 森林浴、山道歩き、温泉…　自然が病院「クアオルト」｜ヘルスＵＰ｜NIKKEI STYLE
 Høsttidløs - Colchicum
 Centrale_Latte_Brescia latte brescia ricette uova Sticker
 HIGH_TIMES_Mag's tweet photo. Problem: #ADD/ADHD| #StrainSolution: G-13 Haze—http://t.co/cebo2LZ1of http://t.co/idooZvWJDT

------------------------------------------------------------------------

### Task description
Please provide an exact transcription of each line from the one holding "Høsttidløs - Colchicum" through the final line of the data above.

### Response to the exercise
 Høsttidløs - Colchicum
 Centrale_Latte_Brescia latte brescia ricette uova Sticker
 HIGH_TIMES_Mag's tweet photo. Problem: #ADD/ADHD| #StrainSolution: G-13 Haze—http://t.co/cebo2LZ1of http://t.co/idooZvWJDT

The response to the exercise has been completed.